Так как несколько рассказов об истории бегства расходятся в деталях, невозможно точно сказать, насколько большую часть этого лабиринта они исследовали или сколько времени прошло, когда они вышли на улицу Сент-Оноре и прошли по ее освещенным тротуарам сотню ярдов, чтобы найти других членов королевской семьи, находящихся вне себя от душевных страданий. Король, если верить рассказу гувернантки, продемонстрировал любовь, которая часто изо всех сил старалась выразить себя в годы, когда вокруг царила роскошь и главенствовал протокол. Он обнял свою королеву, страстно поцеловал ее и несколько раз воскликнул: «Как я счастлив видеть вас!»

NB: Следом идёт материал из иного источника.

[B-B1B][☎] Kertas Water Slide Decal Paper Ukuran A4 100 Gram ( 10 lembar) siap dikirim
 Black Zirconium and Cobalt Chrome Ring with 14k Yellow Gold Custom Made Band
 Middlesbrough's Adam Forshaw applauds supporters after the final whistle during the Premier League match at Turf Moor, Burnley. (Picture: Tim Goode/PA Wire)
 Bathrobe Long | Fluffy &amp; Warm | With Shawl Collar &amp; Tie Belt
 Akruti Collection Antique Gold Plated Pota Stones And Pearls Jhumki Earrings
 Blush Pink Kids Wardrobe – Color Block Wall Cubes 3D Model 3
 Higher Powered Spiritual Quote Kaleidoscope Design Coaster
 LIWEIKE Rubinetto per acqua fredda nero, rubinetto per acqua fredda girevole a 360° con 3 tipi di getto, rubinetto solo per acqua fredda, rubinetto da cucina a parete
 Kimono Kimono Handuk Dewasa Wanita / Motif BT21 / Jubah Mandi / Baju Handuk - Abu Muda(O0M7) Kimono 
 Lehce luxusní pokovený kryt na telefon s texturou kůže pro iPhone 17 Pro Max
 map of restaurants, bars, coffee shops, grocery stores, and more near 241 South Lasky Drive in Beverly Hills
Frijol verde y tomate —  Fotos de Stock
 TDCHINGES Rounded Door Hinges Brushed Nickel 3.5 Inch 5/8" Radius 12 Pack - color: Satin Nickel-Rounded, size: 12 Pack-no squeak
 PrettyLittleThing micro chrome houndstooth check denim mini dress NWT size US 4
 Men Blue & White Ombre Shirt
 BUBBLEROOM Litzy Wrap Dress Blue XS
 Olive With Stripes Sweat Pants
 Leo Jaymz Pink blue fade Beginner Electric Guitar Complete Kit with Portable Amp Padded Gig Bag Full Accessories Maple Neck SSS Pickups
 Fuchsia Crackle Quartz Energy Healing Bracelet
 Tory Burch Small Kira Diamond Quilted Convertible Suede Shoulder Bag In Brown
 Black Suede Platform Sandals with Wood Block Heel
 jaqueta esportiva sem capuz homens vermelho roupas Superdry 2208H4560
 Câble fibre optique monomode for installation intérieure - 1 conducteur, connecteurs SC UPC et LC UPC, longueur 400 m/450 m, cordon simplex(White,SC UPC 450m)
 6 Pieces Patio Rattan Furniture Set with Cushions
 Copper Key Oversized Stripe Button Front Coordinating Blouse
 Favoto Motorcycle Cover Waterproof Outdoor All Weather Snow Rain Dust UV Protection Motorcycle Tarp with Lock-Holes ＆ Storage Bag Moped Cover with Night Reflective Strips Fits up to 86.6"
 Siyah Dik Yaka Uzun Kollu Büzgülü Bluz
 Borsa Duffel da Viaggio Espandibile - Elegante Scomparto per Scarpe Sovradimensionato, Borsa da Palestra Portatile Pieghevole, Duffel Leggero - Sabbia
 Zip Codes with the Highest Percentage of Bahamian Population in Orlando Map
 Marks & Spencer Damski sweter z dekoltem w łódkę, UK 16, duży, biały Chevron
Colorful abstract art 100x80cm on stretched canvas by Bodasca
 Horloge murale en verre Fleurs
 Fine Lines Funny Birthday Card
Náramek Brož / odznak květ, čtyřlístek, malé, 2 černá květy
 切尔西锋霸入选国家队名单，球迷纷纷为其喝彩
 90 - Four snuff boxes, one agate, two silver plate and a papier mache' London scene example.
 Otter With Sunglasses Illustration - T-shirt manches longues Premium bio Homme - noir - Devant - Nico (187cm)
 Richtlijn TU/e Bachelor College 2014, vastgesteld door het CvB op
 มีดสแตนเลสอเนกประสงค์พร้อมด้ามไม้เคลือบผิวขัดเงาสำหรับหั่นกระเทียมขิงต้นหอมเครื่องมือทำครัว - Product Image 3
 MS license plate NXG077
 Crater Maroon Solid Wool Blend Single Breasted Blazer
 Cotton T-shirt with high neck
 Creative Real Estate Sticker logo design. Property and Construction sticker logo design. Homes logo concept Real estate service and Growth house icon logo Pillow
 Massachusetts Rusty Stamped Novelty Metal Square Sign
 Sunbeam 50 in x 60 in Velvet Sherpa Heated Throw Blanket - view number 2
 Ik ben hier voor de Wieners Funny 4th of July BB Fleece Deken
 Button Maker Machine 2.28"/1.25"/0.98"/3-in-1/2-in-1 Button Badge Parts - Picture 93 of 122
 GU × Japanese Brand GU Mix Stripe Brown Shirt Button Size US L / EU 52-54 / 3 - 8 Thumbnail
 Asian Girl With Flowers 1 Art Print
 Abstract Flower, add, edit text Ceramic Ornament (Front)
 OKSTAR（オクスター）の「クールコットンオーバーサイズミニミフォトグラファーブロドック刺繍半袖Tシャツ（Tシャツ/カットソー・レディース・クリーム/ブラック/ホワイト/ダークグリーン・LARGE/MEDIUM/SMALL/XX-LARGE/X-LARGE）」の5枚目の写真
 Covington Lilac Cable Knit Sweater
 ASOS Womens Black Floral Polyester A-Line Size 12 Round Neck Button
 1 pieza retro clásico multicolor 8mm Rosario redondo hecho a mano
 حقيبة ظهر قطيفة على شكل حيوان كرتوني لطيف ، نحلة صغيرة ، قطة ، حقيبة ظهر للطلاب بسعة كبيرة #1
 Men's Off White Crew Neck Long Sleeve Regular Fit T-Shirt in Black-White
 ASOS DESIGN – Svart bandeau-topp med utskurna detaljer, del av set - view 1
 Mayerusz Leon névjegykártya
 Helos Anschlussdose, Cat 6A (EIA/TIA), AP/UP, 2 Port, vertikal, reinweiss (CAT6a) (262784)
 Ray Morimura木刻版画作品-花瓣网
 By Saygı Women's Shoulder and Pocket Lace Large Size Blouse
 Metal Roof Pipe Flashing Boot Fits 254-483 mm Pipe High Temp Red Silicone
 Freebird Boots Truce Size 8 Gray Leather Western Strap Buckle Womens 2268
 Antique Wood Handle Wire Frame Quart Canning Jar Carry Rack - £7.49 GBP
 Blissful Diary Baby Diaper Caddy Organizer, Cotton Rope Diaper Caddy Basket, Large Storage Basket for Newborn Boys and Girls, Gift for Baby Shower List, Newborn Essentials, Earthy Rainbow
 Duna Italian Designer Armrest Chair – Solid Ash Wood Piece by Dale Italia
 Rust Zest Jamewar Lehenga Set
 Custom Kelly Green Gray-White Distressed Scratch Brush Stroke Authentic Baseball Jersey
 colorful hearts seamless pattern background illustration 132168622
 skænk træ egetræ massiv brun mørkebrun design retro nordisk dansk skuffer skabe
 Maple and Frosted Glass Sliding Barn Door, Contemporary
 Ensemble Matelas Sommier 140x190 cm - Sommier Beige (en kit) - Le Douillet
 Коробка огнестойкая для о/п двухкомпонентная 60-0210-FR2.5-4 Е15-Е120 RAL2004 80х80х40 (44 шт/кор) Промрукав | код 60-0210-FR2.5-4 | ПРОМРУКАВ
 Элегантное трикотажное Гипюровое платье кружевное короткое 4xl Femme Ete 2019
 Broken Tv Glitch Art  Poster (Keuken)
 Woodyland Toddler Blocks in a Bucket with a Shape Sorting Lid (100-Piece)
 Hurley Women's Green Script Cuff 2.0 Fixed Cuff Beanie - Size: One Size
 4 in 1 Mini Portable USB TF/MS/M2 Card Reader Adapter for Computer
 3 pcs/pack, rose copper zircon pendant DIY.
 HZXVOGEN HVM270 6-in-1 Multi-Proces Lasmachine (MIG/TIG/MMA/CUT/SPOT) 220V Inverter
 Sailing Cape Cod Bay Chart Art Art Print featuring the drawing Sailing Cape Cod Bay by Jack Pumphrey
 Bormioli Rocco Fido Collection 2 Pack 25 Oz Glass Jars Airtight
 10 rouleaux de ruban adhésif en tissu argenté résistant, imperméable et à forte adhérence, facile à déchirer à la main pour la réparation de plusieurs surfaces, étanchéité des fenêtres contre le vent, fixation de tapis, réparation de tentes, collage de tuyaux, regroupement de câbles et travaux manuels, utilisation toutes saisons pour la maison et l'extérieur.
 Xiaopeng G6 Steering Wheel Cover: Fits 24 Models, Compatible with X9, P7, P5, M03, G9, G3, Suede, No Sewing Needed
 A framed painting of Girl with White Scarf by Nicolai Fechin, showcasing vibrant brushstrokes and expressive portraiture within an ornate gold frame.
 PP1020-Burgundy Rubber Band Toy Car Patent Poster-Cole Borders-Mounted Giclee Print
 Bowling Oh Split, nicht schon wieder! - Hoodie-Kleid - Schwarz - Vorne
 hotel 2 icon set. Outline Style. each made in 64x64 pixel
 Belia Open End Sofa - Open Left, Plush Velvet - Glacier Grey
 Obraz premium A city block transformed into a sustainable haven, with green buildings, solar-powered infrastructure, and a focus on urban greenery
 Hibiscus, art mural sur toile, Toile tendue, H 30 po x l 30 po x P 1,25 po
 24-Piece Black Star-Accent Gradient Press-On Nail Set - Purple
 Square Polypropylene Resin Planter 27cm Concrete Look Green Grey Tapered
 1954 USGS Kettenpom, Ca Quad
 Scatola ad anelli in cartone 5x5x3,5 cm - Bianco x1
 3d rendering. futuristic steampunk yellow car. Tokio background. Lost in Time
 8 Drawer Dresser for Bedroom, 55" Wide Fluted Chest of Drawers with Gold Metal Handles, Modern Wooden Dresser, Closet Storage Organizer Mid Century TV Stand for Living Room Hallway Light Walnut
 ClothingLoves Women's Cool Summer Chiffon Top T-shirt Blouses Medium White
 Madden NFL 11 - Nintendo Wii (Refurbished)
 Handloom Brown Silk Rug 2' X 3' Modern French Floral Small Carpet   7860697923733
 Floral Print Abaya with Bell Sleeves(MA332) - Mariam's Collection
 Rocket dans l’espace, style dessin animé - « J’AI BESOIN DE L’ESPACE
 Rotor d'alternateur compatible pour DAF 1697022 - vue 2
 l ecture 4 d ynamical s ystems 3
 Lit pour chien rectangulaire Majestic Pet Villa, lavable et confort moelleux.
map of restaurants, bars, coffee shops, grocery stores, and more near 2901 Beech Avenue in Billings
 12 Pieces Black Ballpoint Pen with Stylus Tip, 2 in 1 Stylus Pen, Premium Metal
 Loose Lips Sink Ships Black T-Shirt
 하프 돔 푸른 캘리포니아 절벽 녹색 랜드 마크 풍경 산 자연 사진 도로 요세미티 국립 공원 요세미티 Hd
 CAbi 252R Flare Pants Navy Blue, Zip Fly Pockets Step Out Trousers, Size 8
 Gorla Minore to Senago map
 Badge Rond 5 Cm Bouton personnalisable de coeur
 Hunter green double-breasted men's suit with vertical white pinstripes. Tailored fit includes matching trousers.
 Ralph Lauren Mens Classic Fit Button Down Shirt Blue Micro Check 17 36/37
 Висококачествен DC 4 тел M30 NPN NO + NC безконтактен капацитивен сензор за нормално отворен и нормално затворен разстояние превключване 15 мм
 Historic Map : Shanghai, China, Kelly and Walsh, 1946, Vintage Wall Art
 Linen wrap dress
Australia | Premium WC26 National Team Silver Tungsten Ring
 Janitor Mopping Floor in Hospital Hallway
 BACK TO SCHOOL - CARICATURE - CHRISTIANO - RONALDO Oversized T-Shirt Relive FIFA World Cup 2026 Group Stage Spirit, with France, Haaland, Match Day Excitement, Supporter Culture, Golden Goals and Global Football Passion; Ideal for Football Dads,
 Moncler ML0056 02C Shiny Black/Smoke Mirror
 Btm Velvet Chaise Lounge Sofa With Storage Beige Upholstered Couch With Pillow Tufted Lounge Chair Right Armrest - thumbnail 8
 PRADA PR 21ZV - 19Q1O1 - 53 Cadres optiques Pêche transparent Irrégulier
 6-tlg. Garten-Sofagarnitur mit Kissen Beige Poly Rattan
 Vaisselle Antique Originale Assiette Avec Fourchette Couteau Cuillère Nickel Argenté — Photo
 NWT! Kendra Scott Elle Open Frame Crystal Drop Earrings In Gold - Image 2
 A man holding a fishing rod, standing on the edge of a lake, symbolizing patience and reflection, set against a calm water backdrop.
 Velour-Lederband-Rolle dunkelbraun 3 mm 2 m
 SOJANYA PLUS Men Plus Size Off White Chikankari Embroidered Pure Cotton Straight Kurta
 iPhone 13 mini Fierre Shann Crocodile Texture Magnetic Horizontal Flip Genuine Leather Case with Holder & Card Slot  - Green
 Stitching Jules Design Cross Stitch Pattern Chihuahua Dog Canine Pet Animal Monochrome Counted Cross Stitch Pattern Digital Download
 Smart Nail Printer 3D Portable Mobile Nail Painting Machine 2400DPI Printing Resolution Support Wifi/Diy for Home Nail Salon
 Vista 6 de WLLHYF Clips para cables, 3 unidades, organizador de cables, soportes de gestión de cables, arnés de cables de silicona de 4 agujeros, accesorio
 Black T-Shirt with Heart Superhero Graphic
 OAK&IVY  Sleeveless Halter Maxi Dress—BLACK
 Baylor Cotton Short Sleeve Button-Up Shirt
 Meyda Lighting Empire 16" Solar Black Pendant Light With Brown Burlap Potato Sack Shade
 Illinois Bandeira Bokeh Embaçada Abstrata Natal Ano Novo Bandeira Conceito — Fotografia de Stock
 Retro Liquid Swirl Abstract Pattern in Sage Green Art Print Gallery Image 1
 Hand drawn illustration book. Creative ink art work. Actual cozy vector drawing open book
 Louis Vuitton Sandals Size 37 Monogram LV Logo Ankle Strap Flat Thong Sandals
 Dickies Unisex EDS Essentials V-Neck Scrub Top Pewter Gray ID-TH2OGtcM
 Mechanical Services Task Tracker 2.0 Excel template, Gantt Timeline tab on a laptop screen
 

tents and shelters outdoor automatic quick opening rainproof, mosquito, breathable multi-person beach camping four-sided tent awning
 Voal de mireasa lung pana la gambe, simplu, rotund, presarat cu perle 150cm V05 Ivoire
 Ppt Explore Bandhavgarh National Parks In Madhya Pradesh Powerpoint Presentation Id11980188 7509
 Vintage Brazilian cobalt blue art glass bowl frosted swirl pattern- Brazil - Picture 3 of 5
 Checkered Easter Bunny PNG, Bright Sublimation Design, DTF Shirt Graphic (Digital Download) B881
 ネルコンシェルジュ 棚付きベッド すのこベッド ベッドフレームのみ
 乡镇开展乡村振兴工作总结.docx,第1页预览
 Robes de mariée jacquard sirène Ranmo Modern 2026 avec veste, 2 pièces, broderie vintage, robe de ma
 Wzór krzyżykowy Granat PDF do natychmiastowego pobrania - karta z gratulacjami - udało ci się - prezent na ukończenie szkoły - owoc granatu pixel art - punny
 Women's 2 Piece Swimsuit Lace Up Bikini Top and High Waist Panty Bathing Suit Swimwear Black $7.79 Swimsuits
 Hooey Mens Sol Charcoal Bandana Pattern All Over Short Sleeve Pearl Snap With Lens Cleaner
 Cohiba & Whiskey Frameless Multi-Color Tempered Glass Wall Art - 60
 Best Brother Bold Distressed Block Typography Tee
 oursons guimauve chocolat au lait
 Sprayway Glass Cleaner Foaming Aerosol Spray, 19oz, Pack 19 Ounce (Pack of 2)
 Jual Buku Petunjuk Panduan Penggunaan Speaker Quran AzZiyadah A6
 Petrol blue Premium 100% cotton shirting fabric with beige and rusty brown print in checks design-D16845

Господин де Ферсен, знавший, какие шутки могут сыграть улицы, вместо того чтобы попытаться добраться до северо-восточной границы города, проехав через Париж в самом широком его месте, направил фиакр на восток вдоль улицы Сент-Оноре и по извилистому предместью Сент-Антуан, все время правя в направлении Бастилии, где он повернул налево и поехал вдоль бульваров, пока наконец после путешествия длиной более пятнадцати километров не добрался до выезда из города у заставы Сен-Мартин. Он мог, конечно, повернуть налево гораздо раньше, у церкви Сен-Мерри, и двигаться по удобной прямой гипотенузе, которой являлась улица Сен-Мартин. Но легко давать указания после свершившегося события. Все говорили, что вся операция проходила гораздо лучше, чем могла бы. Когда построенный по специальному заказу экипаж промчался через лес Бонди и выехал на равнины Брие и Шампани, минуя точку, когда вести из Парижа могли бы догнать их, король заявил, что он весьма доволен. Он представил себе тот эффект, который произведет его обращение к «французам и прежде всего парижанам» на Национальное собрание и с неприкрытой радостью известил других пассажиров экипажа: «И вот я вырвался из Парижа, где мне пришлось проглотить столько желчи. Могу сказать вам, что, как только я снова окажусь в седле, вы увидите человека, совершенно отличающегося от того, которого видели до сих пор!»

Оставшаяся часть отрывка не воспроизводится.